Stephen Colebourne scolebourne at joda.org
Fri Jan 28 14:26:15 EST 2011


On 28 January 2011 18:34, Steve Allen <sla at ucolick.org> wrote:

> On Fri 2011-01-28T18:03:07 +0000, Stephen Colebourne hath writ:

>> JSR-310 addresses the definition of 1970-01-01Z (by defining the

>> TAI-UTC gap as fixed at 10 seconds prior to 1972.

>

> This is pointless silliness.  This is defining a time scale which did

> not exist and presuming that it can be used for something practical.

> It cannot.

>

> For any precision purposes TAI and UTC did not exist before

> 1972-01-01.  TAI only got its name in 1971, and the only way to access

> it prior to 1972-01-01 was by painstaking tabular lookup of the

> offsets of the time signal used for a time stamp.

>

> Until that instant the UTC being broadcast by the Soviet Union (and

> other stations) differed from other broadcasts by milliseconds.  I can

> go over to the library and find the BIH Circular with the exact

> number, but it was not small.

>

> Before 1972 the only practically available time scales were nebulously

> synchronized versions of UT.  Those are measures of earth rotation,

> suitable for subdividing the days of the calendar.  Presuming that

> they are suitable for any other purpose, or defining a general-purpose

> scheme to make use of them for precision purposes, is a mistake.

>

> All proleptic time scales are dangerous, for in the absence of a

> contemporary authority to define what they were, any one

> interpretation is likely to differ from another.

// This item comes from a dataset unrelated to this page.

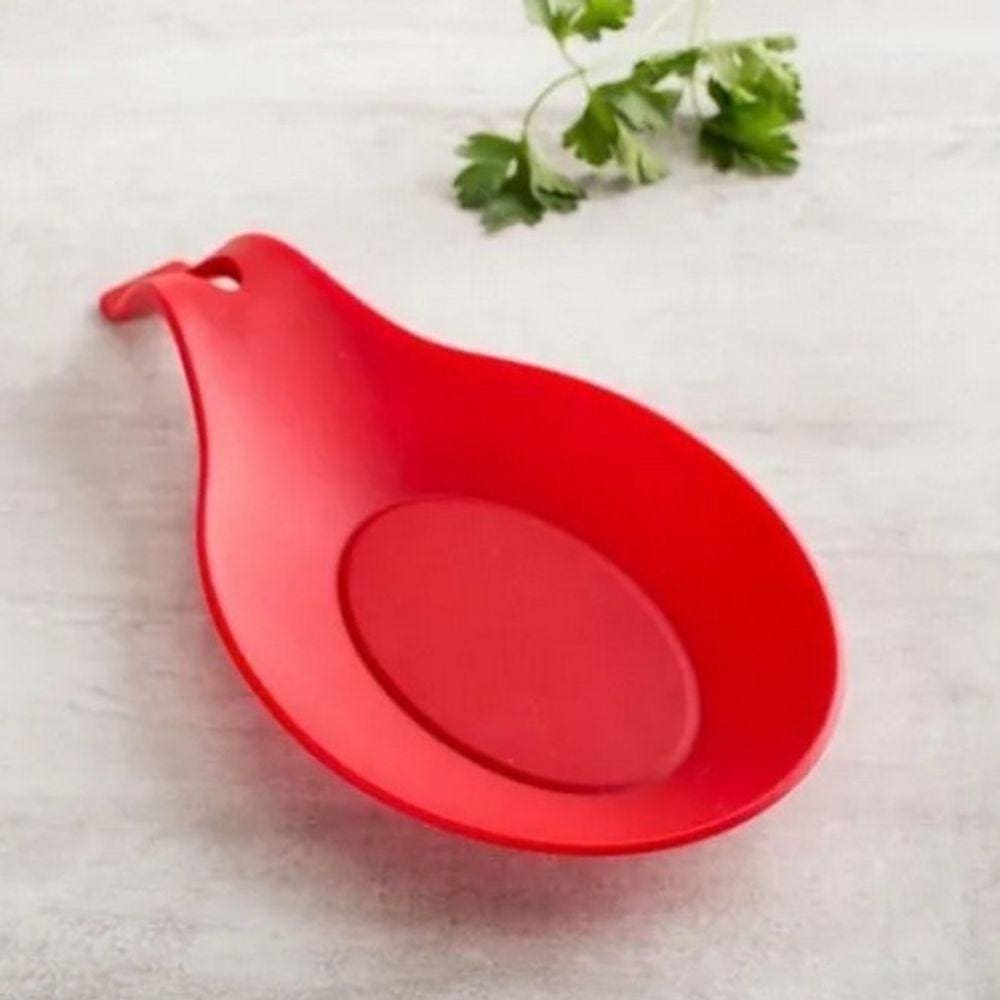 Suporte Descanso De Silicone Para Conchar/Talher/Colher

Yep, its pointless. But also essential.

In the same way, JSR-310 allows you to define an instant at nanosecond
precision beyond the age of the universe. Pointeless, but essential.

The decisions taken for a *usable* software library are going to be
different from those taken for detailed scientific applications.

This definition means that, if anyone happens to ask, JSR-310 can
clearly state what the meaning of any point in time actually is in the
past. Now, that doesn't mean that the definition needs to correspond
with historical reality of whether TAI/UTC actually meant that or not
pre-1972. It just has to be defined clearly enough to be defined.

I'm not expecting this group to like the definition, just to
understand why its necessary, Of course, it might be that some
additional clarification text is needed, but a Java developer doesn't
really want a treatise on the historical messiness of time!